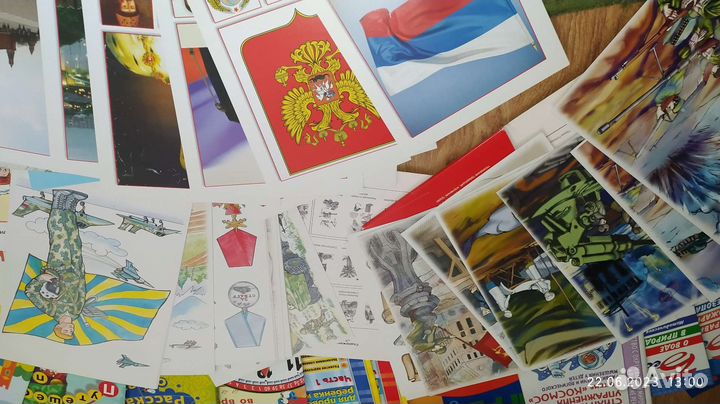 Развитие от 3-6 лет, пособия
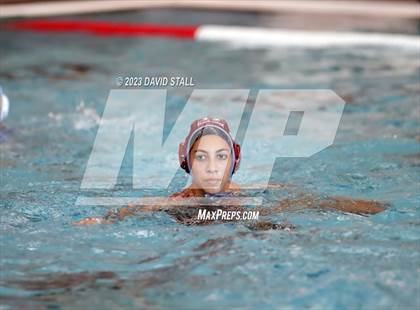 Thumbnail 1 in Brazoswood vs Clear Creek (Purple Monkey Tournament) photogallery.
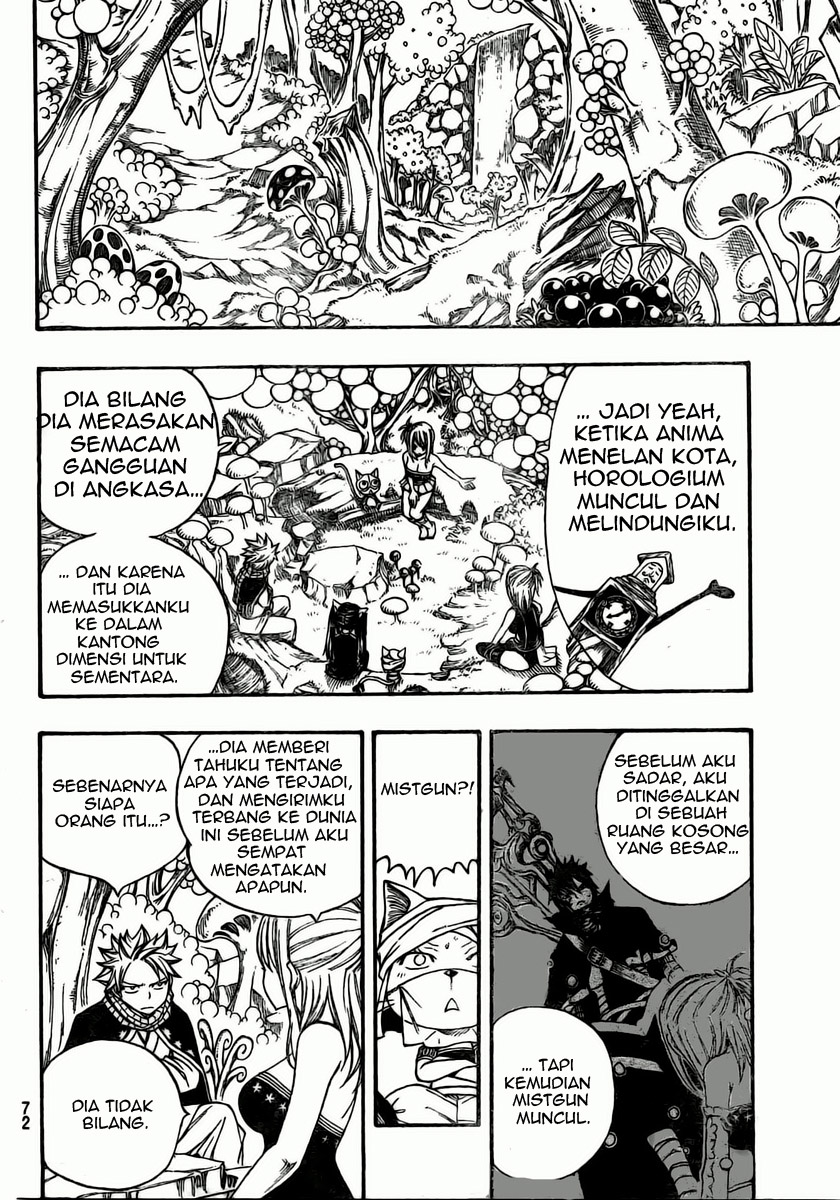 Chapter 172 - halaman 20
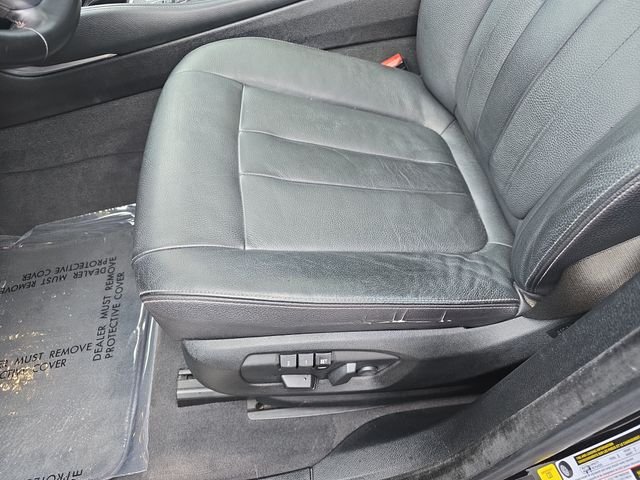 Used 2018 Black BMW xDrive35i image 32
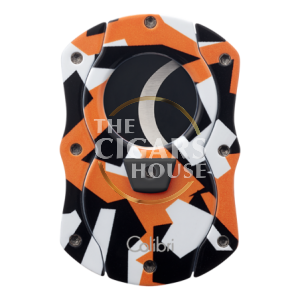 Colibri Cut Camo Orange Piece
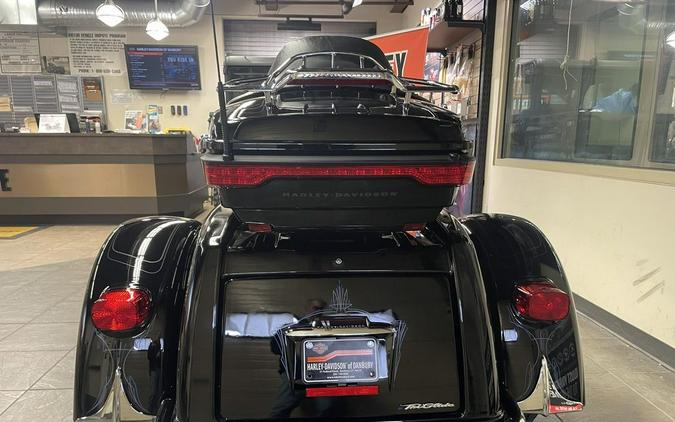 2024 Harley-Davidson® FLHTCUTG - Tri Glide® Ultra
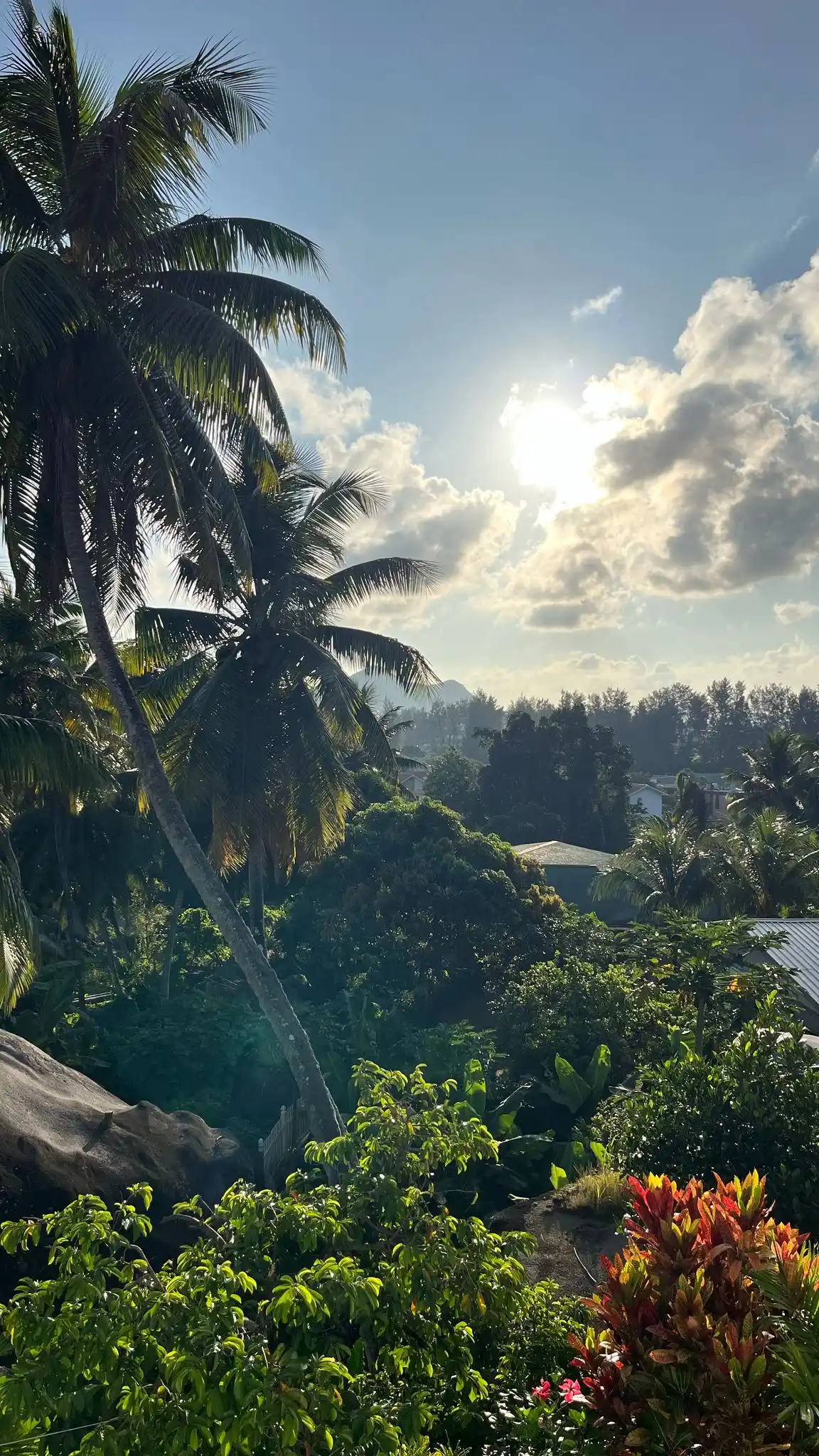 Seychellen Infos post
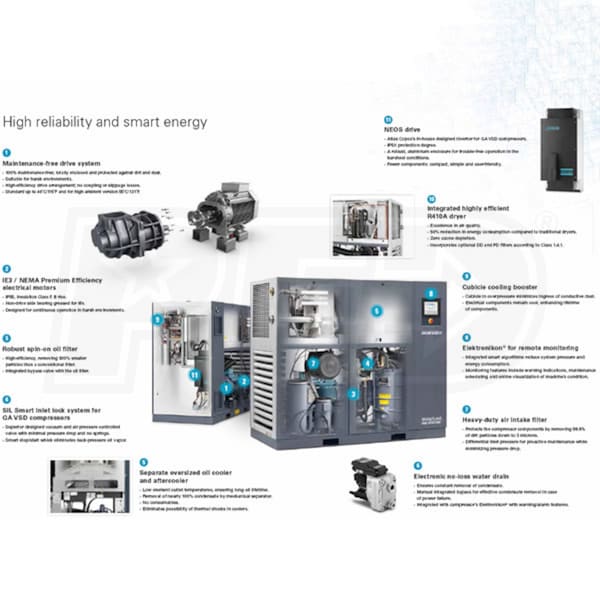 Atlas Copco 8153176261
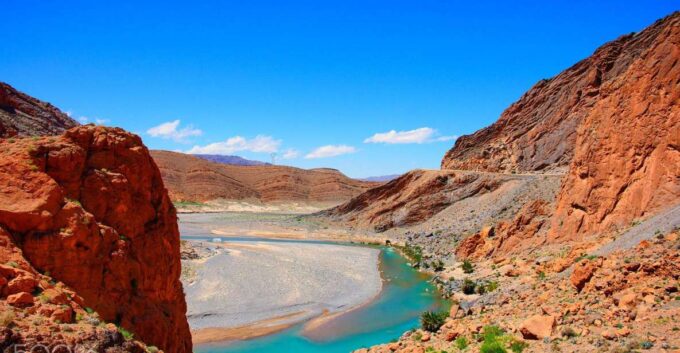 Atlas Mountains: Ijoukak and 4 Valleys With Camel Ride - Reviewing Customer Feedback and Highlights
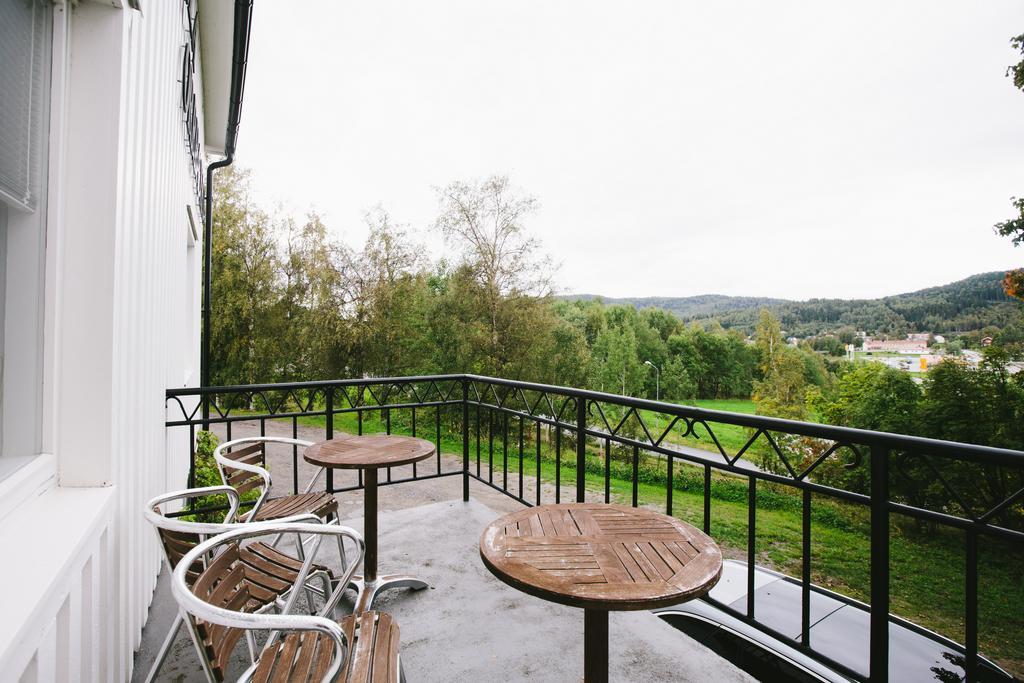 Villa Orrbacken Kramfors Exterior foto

...

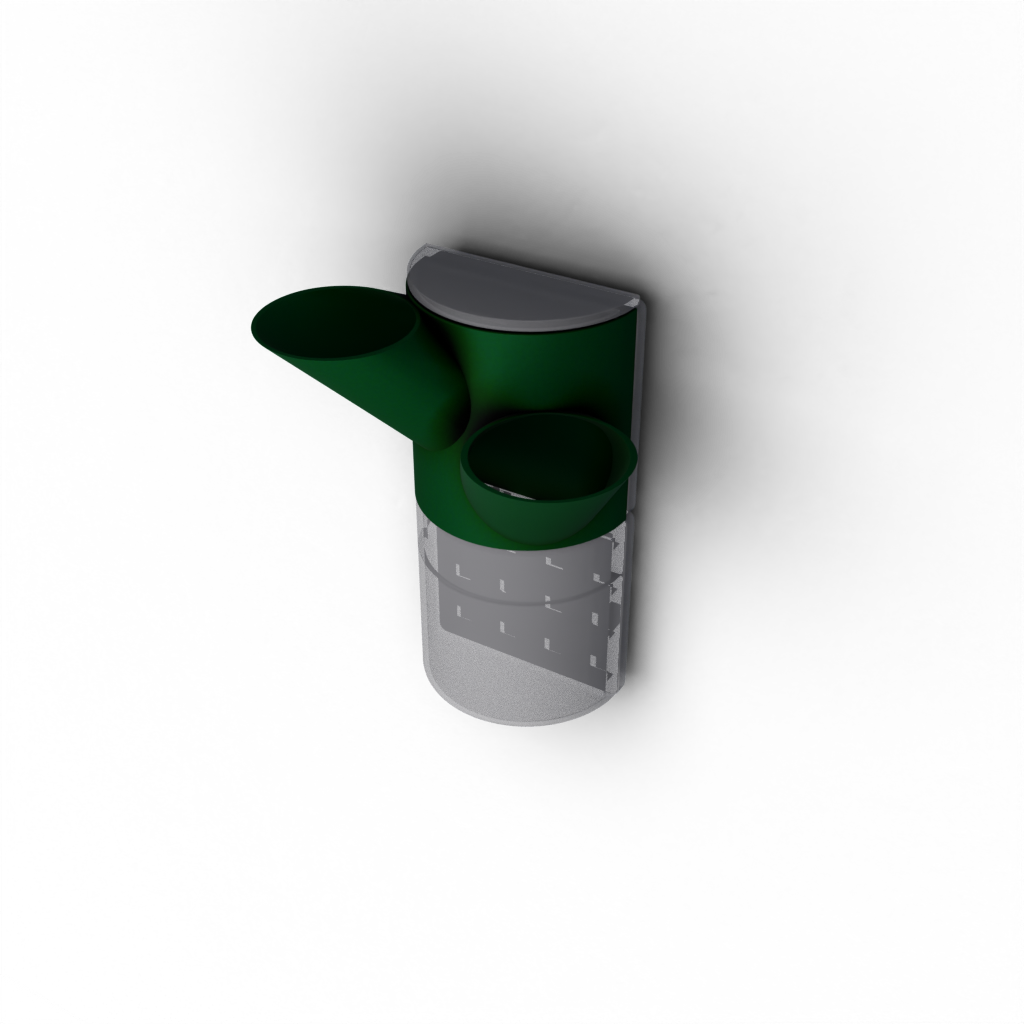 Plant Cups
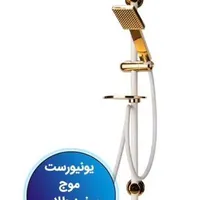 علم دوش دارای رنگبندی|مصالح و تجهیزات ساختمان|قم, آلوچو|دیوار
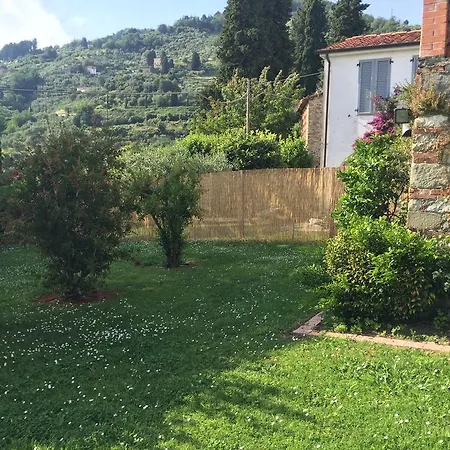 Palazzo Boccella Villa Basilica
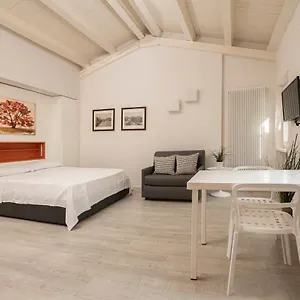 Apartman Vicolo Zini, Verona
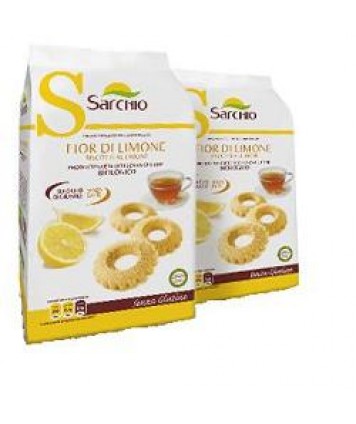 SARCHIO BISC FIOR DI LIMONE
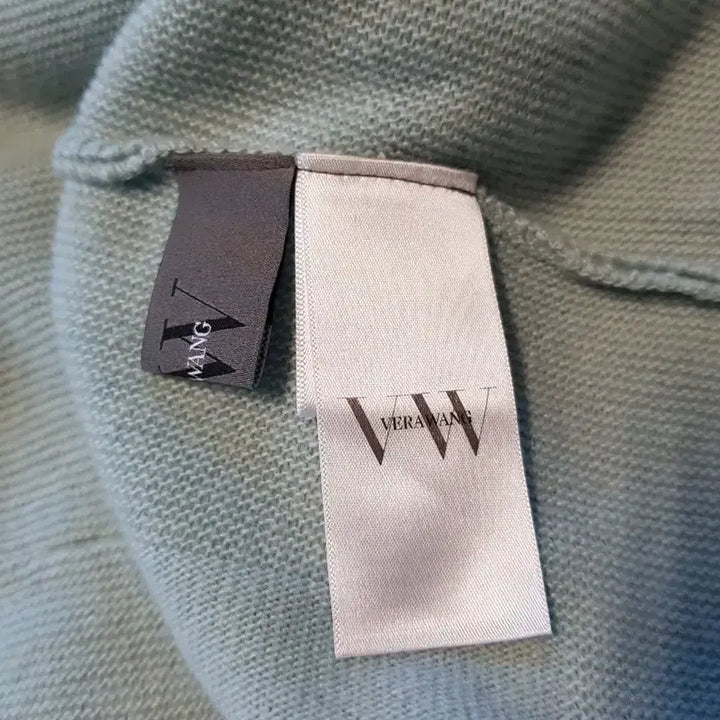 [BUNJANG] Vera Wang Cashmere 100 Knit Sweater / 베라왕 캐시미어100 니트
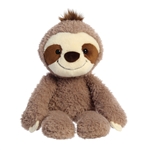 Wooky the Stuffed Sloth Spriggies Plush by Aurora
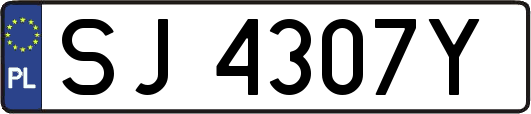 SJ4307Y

* * *

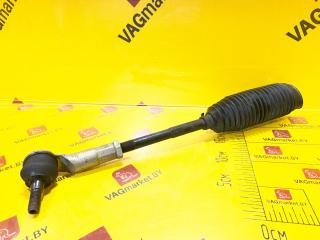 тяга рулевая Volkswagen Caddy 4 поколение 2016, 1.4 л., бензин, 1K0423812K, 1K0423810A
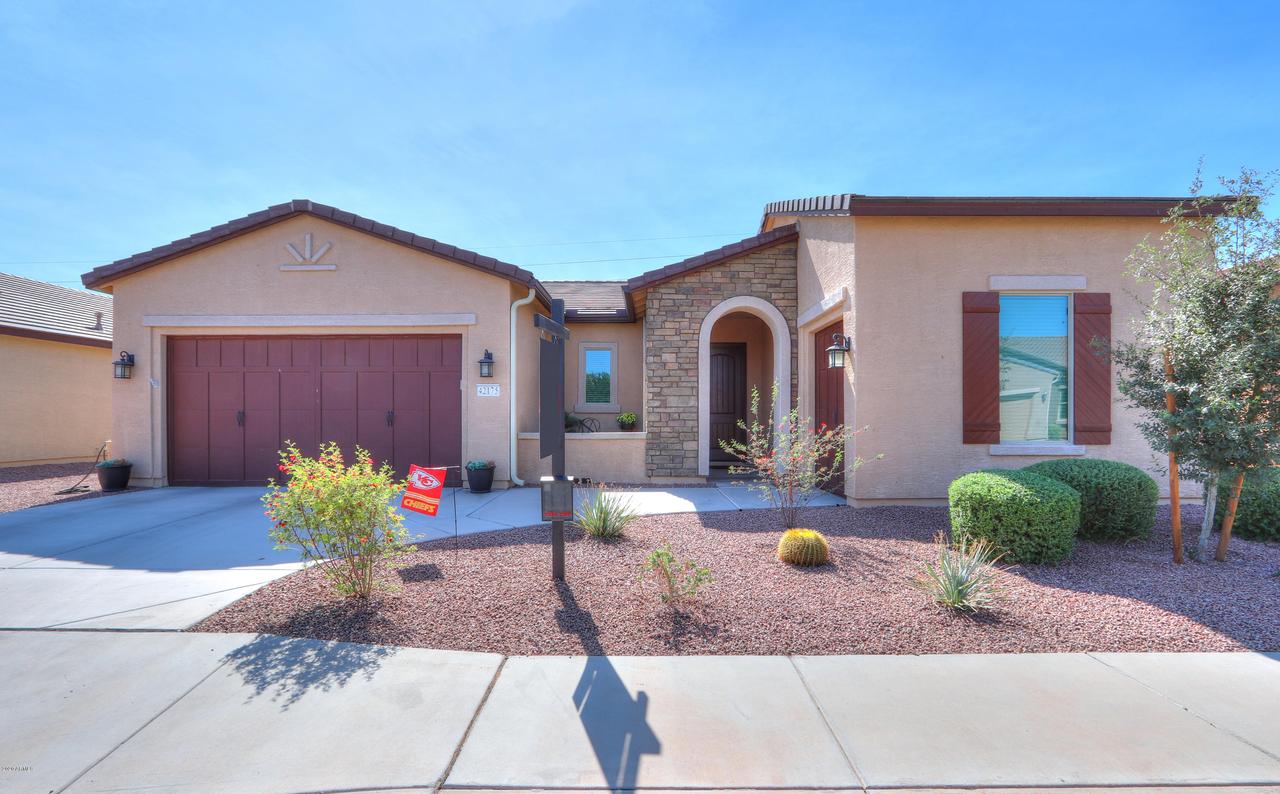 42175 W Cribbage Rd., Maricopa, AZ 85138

### WHAT IS EXPECTED
Everything above from the line containing "Развитие от 3-6 лет, пособия" through the line containing "Villa Orrbacken Kramfors Exterior foto" must be repeated exactly, and the pictures must be left out.

### WRITTEN ANSWER
 Развитие от 3-6 лет, пособия
 Thumbnail 1 in Brazoswood vs Clear Creek (Purple Monkey Tournament) photogallery.
 Chapter 172 - halaman 20
 Used 2018 Black BMW xDrive35i image 32
 Colibri Cut Camo Orange Piece
 2024 Harley-Davidson® FLHTCUTG - Tri Glide® Ultra
 Seychellen Infos post
 Atlas Copco 8153176261
 Atlas Mountains: Ijoukak and 4 Valleys With Camel Ride - Reviewing Customer Feedback and Highlights
 Villa Orrbacken Kramfors Exterior foto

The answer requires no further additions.